Posada gets one back with a solo homer in the second. In the fourth, Mirabelli—who, like Wake, is only making his second start—takes Vazquez deep on the first pitch. 5–1.

A great moment in the sixth when the Yanks try a double steal (or is it a blown hit-and-run?). Sheffield doesn’t make contact, and A-Rod’s meat at third. The crowd taunts him into the dugout.

It’s 6–2 with two out in the eighth when Giambi lofts a fly to Manny in left. “Good inning,” I holler to Doug Mirabelli, heading off, and then I see the ball glance off Manny’s glove and bounce in the grass. He Charlie Browned it!

I look around to verify that this has actually happened. No one else can believe it either.

Things get a little shaky when Sheffield and Posada both work walks to load the bases. “A home run here and the game’s tied,” a neighbor says. I know where this is coming from, but come on, we’re up 6–2 with four outs to go. Have some faith.

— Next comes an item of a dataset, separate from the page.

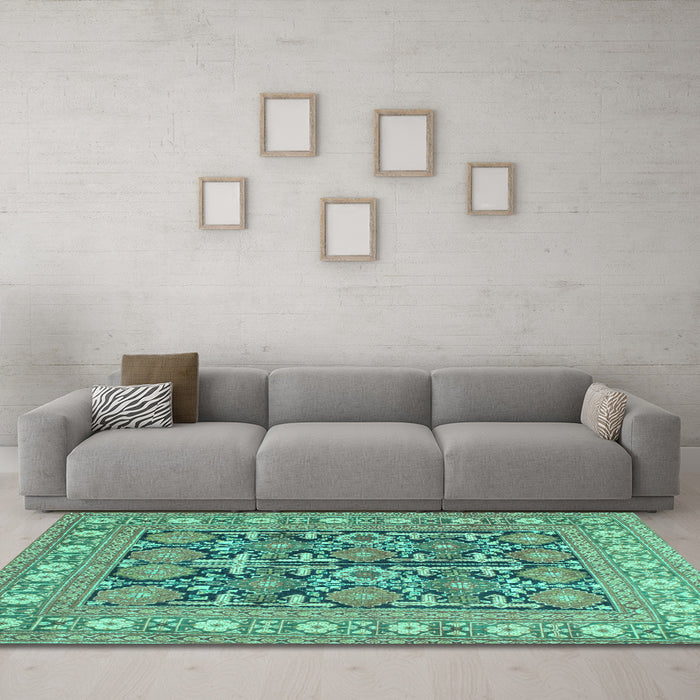Machine Washable Persian Turquoise Traditional Area Rugs in a Living Room,, wshtr176turq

Embree gets Matsui, and the Yanks never threaten again, and when Jeter makes the last out and the PA plays “Dirty Water,” all the different TV crews hustle to set up their tall director’s chairs for the postgame shows.

April 17th

Steve and I have been going back and forth about the Yankees’ place in our cosmos. I’ve been trying to argue that they’ve only gotten in our way a few times across our overall history. In the fifties and sixties (besides the Impossible Dream year), we were so bad that it didn’t matter. ’78’s a fluke, and people forget that after our big fold in August we came back and won our last eight to gain the tie for the division. The Winfield-Mattingly Yanks never gave us any problems; were, in fact, massive chokers, consistently finishing second to Toronto, Baltimore and us. In ’86 we stood in our own way (or Calvin Schiraldi did). In ’99, we were lucky to get by Cleveland, and last year we pulled a rabbit out of our hat to beat Oakland, and were playing on the road the whole time. Plus we took enough out of the Yanks that they had nothing left for the Marlins. We were their stumbling block, beating them twice at the Stadium, putting their weaknesses on display. All the Marlins had to do was mop them up.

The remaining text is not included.